その対戦環境でメタの一角を担うのが、「フリーザーex」と「カスミ」を軸に成立する「フリーザー単騎」である。このデッキはカスミという最大値の高いサポートに加え、カスミ成功時に高い制圧力を発揮するフリーザー。この2匹に構築を寄せた、ある種の特化構築である。この構築はコンボ成立時のゲームスピードが非常に高く、一部デッキに対して何もさせずに勝つことができる。これを参考にした「ナッシー単騎」なども派生構築としてあり、「単騎構築」はポケポケ独自の構築論として研究が進んでいくものと思われる。

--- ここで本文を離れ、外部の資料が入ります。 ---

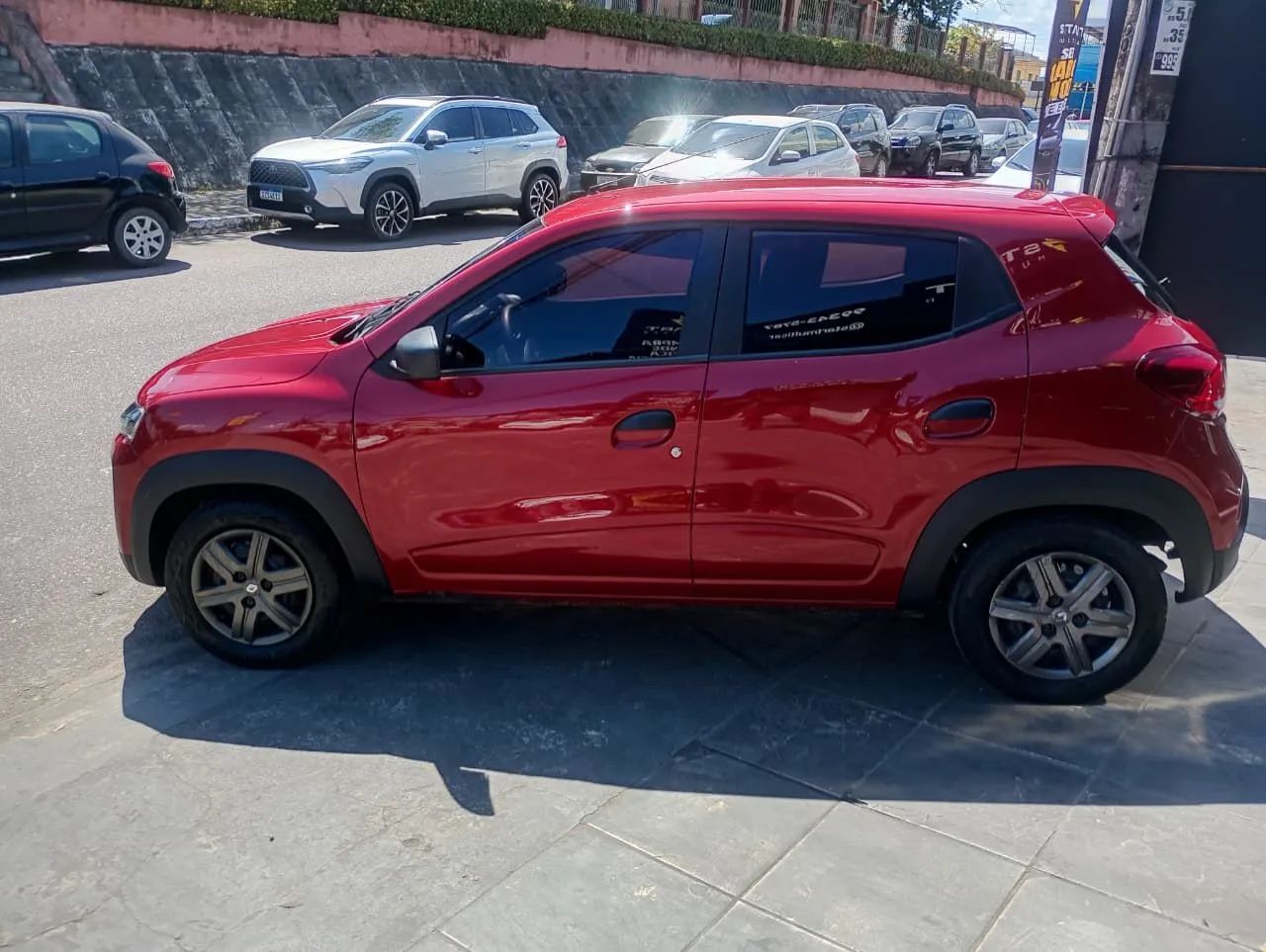 Renault Kwid ZEN 1.0 FLEX 12V 5P MEC. 2023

しかし、この構築は本当に強いのだろうか? 理由は様々あるが、自分は単騎構築の強さを疑わしく思っている(というか、この手のnoteを読む熱心なプレイヤーの大半は懐疑的なのではないか)。
今回は、単騎構築の性質・強みを整理しつつ、フリ単を例にその弱みを考察混じりで解説していく。
単騎構築とは
単騎構築の概要を知らない方向け。
単騎構築とは、その名の通りたねポケモンを1種に縛る構築のことである。フリーザー単騎にはフリーザー、ナッシー単騎にはタマタマ以外のたねポケモンを一切採用せず、残りのカードをそのバックアップに使う。
ポケポケは、初手に必ず1枚以上たねポケモンが入るという仕様になっている。本家ポケカではたねポケモンがない場合は相手に1ドローさせて引き直すルールなのだが(厳密にはちょっと違うけど大体そんな感じ)、これはDCGならではの面白いシステムだと感じる。
つまり、ポケポケは本家ポケカと比べ、たねポケモンを一定数積んでおく合理的根拠が薄い。もっと言えば、たねポケモンの種類を絞った方が強力な組み合わせを初手から引き込みやすい。そこに着目し、強いたねポケモンを確実に繰り出して勝ってやろうというのが単騎構築である。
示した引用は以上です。